*GIVEN DATA*.
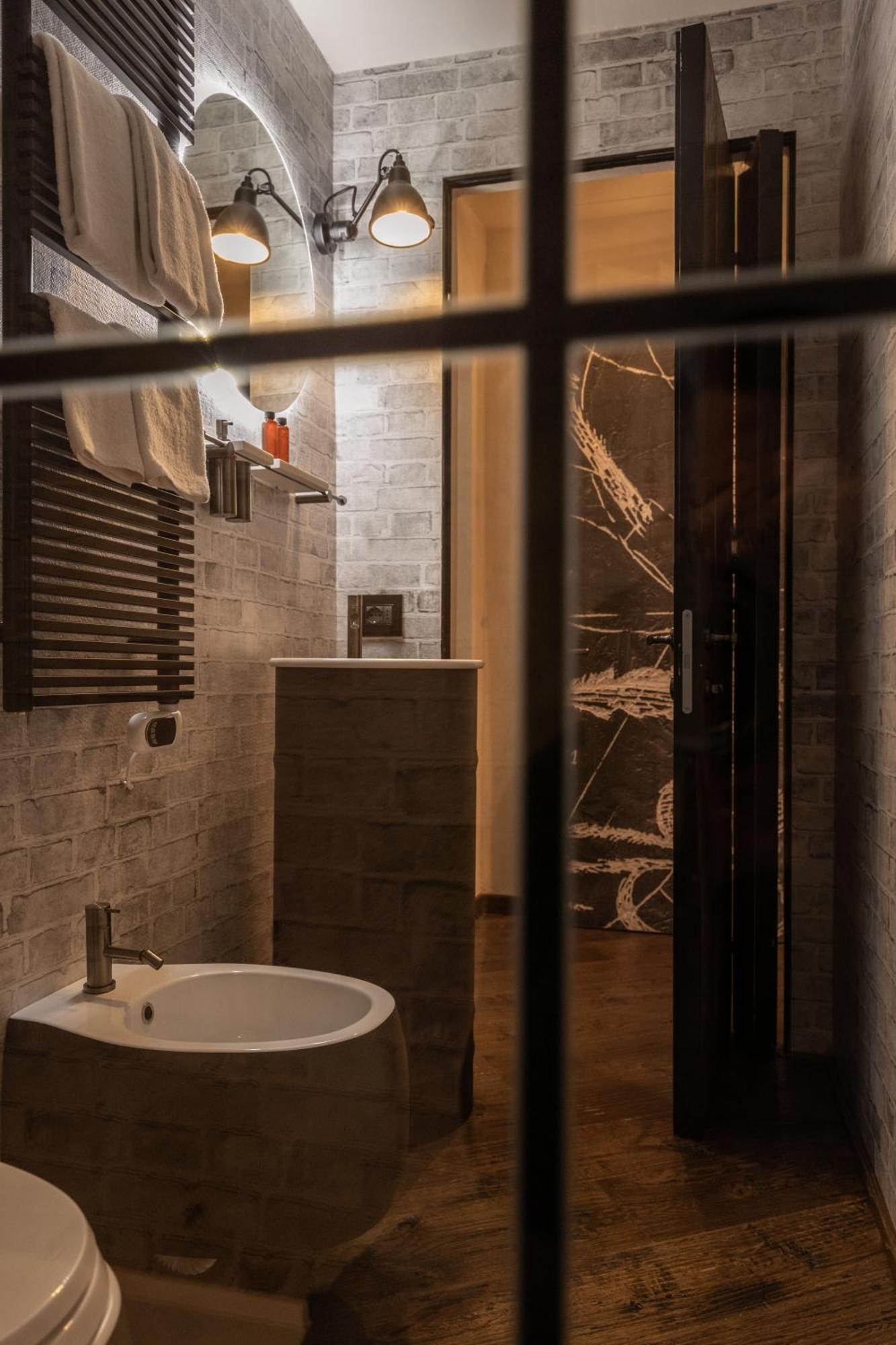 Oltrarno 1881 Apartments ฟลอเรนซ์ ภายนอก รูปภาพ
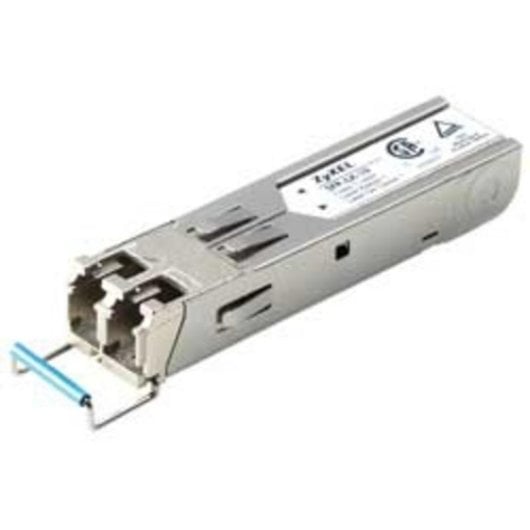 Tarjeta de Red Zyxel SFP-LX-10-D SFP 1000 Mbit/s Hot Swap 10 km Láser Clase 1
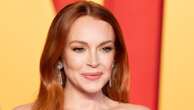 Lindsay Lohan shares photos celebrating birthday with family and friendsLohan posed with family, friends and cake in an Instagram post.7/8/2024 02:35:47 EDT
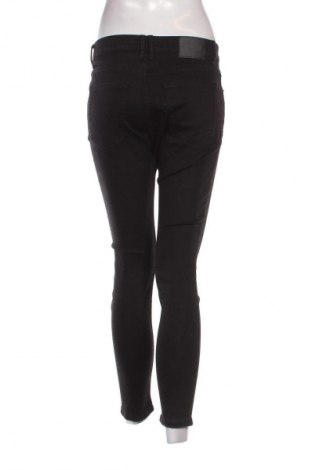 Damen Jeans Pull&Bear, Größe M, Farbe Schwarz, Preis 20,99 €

*DESCRIPTION OF THE TASK*. Your task is to repeat only the lines from the line containing "Tarjeta de Red" through the final line of the material, inclusive; do not include pictures.

*YOUR RESPONSE*.
 Tarjeta de Red Zyxel SFP-LX-10-D SFP 1000 Mbit/s Hot Swap 10 km Láser Clase 1
 Lindsay Lohan shares photos celebrating birthday with family and friendsLohan posed with family, friends and cake in an Instagram post.7/8/2024 02:35:47 EDT
 Damen Jeans Pull&Bear, Größe M, Farbe Schwarz, Preis 20,99 €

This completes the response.